Rabbit holes and labyrinths

Two weeks ago, I was going down various paths on the internet which sometimes feels like going down a rabbit hole. Down and down you go! Poof! There goes the morning.

Some of the search terms: charms, voodoo, voodun, sigils, veves, Celtic knots, hemlock, protection. Remarkably enough, at some point using the query “veve, protection,” I came to a site with information about Yoruban cosmology that included a picture of the walking labyrinth at Boston College. It is particularly remarkable when you consider that by then I was specifically hoping to find a symbol from my own (Irish) tradition.

And there it was: not only my tradition, but my neighborhood, and even, my alma mater (which a friend reminded me means, “nurturing mother”) (BCLS ’89). This labyrinth is less than two miles from my home. So, of course I went.
IMG_2878IMG_2890IMG_2895Based on a pattern found at Chartres Cathedral, it is a unicursal — meaning that there is only one way in and one way out. The labyrinth was built as a memorial, dedicated to the twenty-two Boston College alumni who were killed in the 9/11 attacks.
The design was an aid to meditation because no choices needed to be made about what direction to pursue.
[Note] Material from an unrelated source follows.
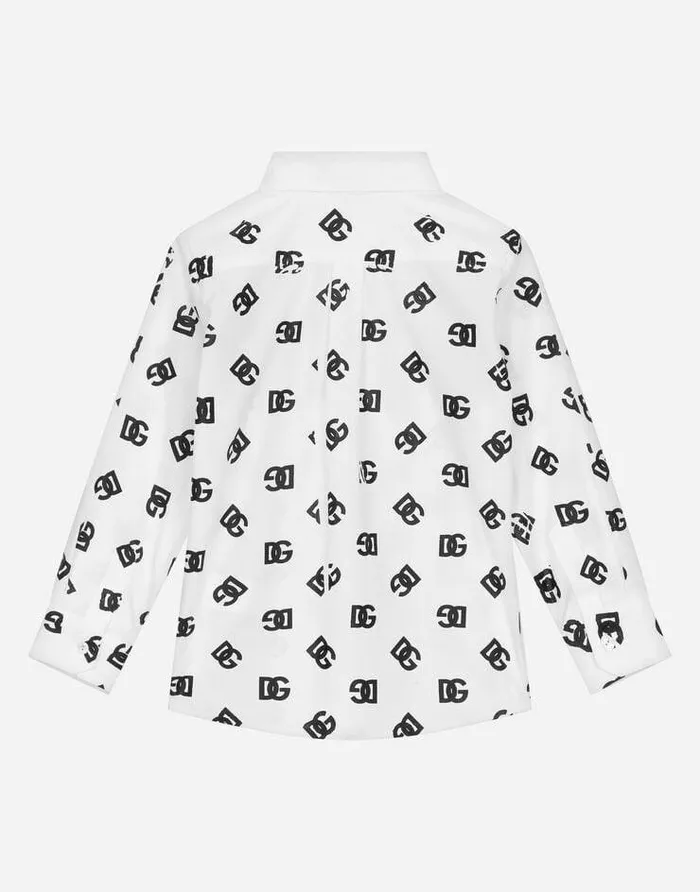Dolce and Gabbana Shirts Children Poplin Shirt With DG Logo Print White Dolce and Gabbana Shirts Children Poplin Shirt With DG Logo Print White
As I walked it, I prayed for my sons, for the descendants of the enslaved, for justice and peace and healing for our country — the usual, urgent things. But braided in and around those other things, was the prayer that I could somehow come to more regularly believe in my own essential goodness. It took about an hour. Afterwards, I felt grounded and renewed.
IMG_2896I went into the library and found more lovely and potent Celtic images — I’ll save those for another time perhaps.
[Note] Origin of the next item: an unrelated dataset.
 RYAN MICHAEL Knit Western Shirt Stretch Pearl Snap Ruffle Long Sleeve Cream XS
Here is the charm I came up with. It’s a first pass and not original.

I like how the photo on the right crops the door molding into a crucifix.
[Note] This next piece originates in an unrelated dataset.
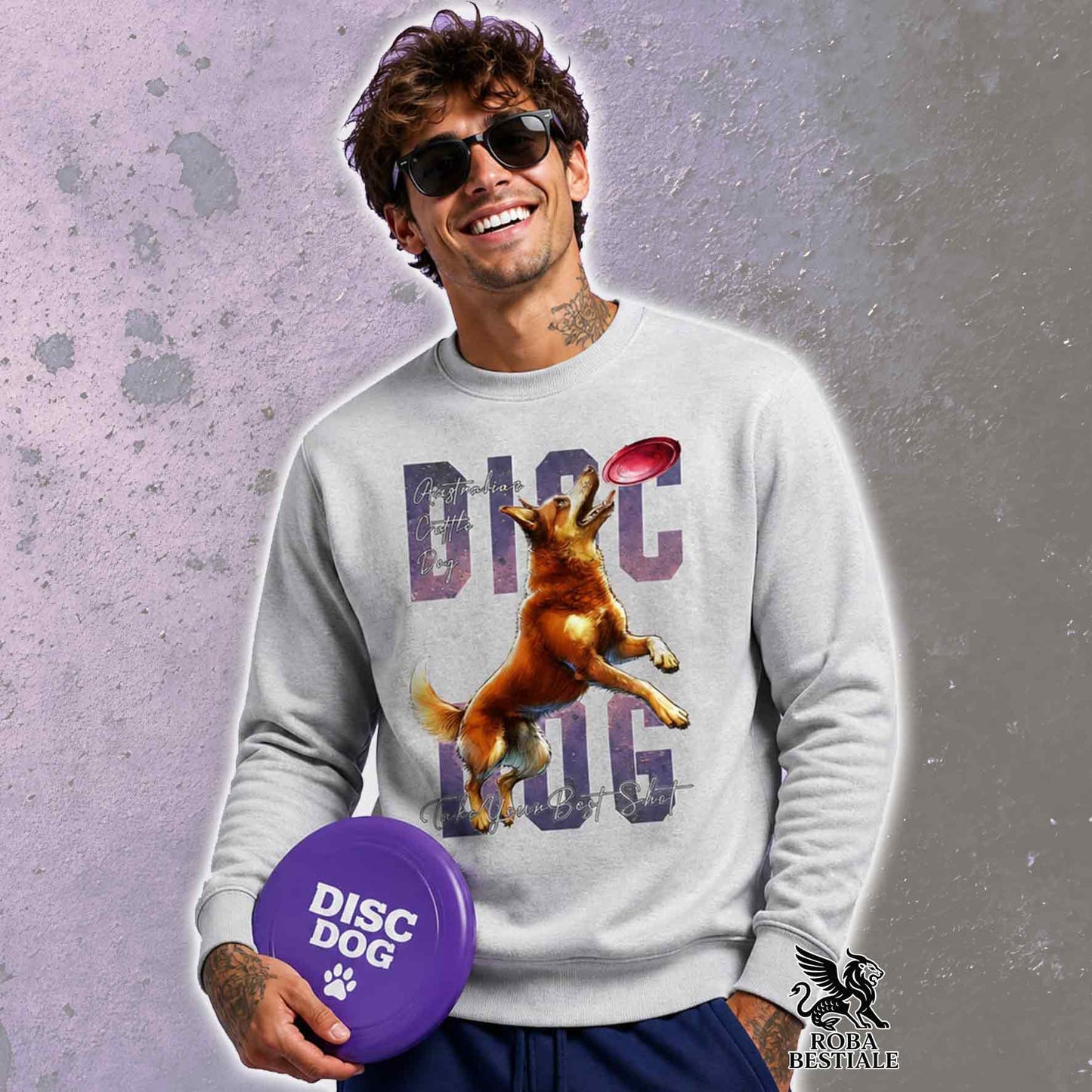 APTITUDE Winter Sweatshirt - DISC DOG - AUSTRALIAN CATTLE DOG Red - Crew Neck, Unisex, color of choice - from XS to 3XL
Before the labyrinth walk, we went to Montreal. After, Schenectady. This weekend we will lay down compost and mulch and I will cook chicken and wilt greens with loads of garlic and we will figure out where to put some of my son’s things.

And: I will finish the Hearts for Charleston quilt (she said, but really meaning it). The front has been done for weeks but the labeling continues. Liz Ackert helped out generously by supplying some very beautifully stitched names. I am writing up the cover letter and ‘legend’ and will photograph the piece as soon as the last labels are on. My goal — by Friday of next week.

The first anniversary of the Emanuel AME murders in Charleston is only five weeks away.

7 thoughts on “Rabbit holes and labyrinths

  1. Nancy

    How lovely that this labyrinth is close to home and you can walk and contemplate. Maybe next time I’m in the area I’ll search it out. I’ve always wanted to walk one.
    I can’t wait to see the quilt finished. I so appreciate all of the work you’ve done to pull this together. I can’t believe how the time has gone by.

  2. Mo Crow

    our friend Eric mows a double spiral labyrinth next to his Dragonglass studio that takes nearly an hour to walk, such a beautiful way to listen to the land

  3. Michelle in NYC

    A sweet find, a beautiful memorial and such a fine place to walk the walk, and I do like the talisman you fashioned very much. With so much on our minds and so much that must be done, the walking meditation of no mind is what I choose whenever I have the opportunity…just breathe in and breathe out. It is prayer enough for me.

    1. deemallon

      Hi Michelle. I will be going back. Definitely want to walk it following the breath. That day I needed prayer.

  4. ravenandsparrow

    I have been a labyrinth walker ever since I visited Grace Cathedral in San Francisco. They have one inside and one outside, both modeled after the one at Chartres. The experience was so powerful that I have sought out labyrinths ever since. We mowed a small one into our lawn at home and were very glad to have it when the attacks came on 9/11. More recently a seven circuit (as opposed to the eleven circuit Chartres style) was installed on the grounds of the Methodist church in our town, which I visit often. It never fails to smooth me out. I think it is providential that you have discovered one at your alma mater. All of the threads you have been following have formed a Celtic knot at the center of which is you.